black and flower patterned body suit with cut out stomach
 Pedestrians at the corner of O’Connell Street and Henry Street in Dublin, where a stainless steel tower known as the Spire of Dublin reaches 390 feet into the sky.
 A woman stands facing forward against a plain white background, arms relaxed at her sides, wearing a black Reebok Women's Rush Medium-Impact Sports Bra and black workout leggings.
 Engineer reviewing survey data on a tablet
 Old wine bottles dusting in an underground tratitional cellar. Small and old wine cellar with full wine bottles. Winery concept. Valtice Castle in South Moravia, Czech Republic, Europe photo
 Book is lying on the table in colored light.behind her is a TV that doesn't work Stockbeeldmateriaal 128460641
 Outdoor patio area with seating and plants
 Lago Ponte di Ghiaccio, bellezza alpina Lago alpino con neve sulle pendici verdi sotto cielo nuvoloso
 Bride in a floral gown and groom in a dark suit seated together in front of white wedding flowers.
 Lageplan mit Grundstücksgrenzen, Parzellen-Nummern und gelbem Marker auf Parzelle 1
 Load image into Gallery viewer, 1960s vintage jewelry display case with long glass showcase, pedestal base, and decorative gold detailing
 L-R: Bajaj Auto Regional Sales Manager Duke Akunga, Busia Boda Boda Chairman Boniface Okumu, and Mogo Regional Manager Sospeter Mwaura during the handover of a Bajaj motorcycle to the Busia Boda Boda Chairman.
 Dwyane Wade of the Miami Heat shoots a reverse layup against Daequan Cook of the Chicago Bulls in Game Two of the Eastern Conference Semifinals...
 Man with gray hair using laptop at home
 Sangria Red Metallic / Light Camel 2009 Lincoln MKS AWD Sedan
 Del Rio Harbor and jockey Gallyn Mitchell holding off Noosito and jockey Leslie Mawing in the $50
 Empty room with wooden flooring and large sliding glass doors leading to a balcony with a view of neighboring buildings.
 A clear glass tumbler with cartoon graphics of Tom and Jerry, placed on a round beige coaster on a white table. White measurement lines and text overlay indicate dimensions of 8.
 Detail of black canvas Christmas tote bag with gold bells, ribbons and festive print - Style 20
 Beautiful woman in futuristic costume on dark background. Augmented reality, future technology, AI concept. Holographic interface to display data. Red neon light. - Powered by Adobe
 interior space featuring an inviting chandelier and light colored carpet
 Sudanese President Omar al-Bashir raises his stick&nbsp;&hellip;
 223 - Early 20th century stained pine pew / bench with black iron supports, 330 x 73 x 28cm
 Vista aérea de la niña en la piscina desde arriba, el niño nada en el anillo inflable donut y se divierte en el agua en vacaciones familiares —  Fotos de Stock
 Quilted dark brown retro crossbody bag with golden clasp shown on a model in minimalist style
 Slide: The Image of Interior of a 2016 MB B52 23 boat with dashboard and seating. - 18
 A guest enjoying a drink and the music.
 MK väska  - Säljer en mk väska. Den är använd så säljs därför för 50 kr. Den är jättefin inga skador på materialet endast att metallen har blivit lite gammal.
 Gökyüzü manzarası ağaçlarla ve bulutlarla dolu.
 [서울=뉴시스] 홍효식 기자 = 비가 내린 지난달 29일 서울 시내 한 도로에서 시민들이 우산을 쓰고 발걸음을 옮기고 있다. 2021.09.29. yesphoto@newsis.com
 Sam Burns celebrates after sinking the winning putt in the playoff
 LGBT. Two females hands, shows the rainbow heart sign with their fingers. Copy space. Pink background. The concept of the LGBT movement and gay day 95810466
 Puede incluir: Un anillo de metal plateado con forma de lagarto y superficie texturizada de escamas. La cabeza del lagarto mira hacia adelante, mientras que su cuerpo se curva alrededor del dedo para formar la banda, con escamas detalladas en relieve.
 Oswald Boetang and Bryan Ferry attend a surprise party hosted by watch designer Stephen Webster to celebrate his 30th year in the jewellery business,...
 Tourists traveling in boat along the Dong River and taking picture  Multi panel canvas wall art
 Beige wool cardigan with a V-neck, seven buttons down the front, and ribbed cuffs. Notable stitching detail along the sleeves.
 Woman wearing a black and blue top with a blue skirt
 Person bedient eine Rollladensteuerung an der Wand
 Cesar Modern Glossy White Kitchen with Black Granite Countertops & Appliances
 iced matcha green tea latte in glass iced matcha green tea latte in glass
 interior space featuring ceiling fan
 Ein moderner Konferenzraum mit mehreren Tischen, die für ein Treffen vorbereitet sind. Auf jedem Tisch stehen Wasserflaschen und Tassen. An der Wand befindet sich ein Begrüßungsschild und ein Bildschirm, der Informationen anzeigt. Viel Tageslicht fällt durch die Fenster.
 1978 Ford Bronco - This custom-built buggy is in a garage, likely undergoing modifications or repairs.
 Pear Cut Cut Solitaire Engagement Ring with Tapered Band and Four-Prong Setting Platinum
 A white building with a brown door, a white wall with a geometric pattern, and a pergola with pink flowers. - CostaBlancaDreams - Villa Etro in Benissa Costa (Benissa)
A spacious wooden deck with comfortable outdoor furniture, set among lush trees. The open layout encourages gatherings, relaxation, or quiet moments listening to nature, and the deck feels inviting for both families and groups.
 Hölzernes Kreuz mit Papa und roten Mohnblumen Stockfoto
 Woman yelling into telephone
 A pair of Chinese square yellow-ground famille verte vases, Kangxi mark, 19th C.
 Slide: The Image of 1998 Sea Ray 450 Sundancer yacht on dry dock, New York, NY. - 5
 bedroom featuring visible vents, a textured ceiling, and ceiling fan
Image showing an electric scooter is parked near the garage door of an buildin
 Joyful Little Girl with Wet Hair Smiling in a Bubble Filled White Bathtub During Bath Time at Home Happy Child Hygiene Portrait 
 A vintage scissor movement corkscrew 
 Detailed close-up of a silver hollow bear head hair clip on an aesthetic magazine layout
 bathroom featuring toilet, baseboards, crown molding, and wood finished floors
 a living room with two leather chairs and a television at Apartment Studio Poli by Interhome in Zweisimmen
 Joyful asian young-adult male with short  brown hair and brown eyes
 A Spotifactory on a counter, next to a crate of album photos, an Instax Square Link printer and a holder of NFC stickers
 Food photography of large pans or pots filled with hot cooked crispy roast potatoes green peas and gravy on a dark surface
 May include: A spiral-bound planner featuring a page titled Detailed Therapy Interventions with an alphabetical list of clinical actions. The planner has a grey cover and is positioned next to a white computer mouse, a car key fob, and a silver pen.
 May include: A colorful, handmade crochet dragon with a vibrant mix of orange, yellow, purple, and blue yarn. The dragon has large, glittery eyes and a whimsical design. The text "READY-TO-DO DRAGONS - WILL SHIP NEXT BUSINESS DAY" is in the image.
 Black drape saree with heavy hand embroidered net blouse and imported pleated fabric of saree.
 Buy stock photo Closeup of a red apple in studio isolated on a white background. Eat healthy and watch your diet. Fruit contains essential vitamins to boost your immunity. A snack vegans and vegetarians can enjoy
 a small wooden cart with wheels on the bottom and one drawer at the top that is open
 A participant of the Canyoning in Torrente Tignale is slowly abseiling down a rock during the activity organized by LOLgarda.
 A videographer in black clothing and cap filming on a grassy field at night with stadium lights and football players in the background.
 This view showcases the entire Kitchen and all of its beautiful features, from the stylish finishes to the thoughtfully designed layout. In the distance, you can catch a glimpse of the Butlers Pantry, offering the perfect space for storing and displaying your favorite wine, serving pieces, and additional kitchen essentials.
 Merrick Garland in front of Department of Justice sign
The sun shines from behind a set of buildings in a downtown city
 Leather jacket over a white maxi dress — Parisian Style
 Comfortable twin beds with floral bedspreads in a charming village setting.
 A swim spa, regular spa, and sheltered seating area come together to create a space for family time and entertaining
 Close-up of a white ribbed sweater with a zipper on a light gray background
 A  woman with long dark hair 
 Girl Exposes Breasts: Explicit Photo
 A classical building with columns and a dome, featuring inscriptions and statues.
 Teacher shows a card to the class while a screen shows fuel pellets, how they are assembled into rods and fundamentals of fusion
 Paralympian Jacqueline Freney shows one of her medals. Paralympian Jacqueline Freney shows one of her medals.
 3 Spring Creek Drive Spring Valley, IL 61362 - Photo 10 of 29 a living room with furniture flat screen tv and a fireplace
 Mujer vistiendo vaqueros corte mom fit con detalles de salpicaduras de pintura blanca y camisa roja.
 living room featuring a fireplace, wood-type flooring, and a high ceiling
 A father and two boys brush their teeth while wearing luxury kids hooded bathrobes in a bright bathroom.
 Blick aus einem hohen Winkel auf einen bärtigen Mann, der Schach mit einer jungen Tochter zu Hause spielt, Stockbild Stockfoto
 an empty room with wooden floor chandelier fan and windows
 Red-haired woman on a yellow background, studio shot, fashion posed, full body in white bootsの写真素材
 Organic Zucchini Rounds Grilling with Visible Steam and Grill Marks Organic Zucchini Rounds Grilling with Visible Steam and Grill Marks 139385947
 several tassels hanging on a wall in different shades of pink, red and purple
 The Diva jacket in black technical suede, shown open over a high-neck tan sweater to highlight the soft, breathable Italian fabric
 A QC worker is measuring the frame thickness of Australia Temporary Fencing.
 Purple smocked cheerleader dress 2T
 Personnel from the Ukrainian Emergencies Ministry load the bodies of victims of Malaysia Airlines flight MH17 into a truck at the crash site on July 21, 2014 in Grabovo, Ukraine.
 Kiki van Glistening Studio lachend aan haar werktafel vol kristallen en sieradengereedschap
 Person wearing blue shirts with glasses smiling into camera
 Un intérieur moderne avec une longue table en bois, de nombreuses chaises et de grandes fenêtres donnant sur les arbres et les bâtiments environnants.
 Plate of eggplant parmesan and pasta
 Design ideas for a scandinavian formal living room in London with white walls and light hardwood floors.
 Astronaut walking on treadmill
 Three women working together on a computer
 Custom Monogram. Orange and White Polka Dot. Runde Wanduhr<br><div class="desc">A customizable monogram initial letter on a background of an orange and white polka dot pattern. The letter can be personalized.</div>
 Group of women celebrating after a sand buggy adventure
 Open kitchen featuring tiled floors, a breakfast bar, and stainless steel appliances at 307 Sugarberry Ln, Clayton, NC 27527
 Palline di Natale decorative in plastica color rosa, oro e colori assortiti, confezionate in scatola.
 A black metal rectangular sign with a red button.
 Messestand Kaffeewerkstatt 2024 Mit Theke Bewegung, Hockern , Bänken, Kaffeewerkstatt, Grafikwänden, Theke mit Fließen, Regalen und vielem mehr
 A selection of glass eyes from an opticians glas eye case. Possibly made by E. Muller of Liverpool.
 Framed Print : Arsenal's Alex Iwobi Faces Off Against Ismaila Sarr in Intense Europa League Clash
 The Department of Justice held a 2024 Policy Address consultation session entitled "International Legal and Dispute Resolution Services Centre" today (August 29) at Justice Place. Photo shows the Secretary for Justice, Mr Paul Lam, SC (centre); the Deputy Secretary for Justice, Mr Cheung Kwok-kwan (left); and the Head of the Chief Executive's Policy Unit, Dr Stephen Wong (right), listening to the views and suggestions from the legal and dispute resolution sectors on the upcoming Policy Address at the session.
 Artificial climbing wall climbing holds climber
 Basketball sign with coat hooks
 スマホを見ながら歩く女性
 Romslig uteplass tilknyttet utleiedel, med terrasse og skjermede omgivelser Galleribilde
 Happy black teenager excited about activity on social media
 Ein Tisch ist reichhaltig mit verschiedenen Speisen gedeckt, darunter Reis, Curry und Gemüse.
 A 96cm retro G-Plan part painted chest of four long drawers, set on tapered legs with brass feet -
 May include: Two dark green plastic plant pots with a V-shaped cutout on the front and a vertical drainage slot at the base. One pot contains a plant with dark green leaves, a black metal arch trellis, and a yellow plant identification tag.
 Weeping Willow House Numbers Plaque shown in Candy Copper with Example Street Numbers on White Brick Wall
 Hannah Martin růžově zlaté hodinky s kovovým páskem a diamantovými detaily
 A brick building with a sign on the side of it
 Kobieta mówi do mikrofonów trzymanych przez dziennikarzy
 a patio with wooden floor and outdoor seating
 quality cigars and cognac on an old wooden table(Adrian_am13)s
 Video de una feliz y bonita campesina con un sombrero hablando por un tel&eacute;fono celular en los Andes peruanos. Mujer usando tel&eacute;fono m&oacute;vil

■ Exercise ■
Restate the listing exactly, starting at its first line and ending at the line where "Load image into" occurs; include both and no other lines.

■ Written solution ■
black and flower patterned body suit with cut out stomach
 Pedestrians at the corner of O’Connell Street and Henry Street in Dublin, where a stainless steel tower known as the Spire of Dublin reaches 390 feet into the sky.
 A woman stands facing forward against a plain white background, arms relaxed at her sides, wearing a black Reebok Women's Rush Medium-Impact Sports Bra and black workout leggings.
 Engineer reviewing survey data on a tablet
 Old wine bottles dusting in an underground tratitional cellar. Small and old wine cellar with full wine bottles. Winery concept. Valtice Castle in South Moravia, Czech Republic, Europe photo
 Book is lying on the table in colored light.behind her is a TV that doesn't work Stockbeeldmateriaal 128460641
 Outdoor patio area with seating and plants
 Lago Ponte di Ghiaccio, bellezza alpina Lago alpino con neve sulle pendici verdi sotto cielo nuvoloso
 Bride in a floral gown and groom in a dark suit seated together in front of white wedding flowers.
 Lageplan mit Grundstücksgrenzen, Parzellen-Nummern und gelbem Marker auf Parzelle 1
 Load image into Gallery viewer, 1960s vintage jewelry display case with long glass showcase, pedestal base, and decorative gold detailing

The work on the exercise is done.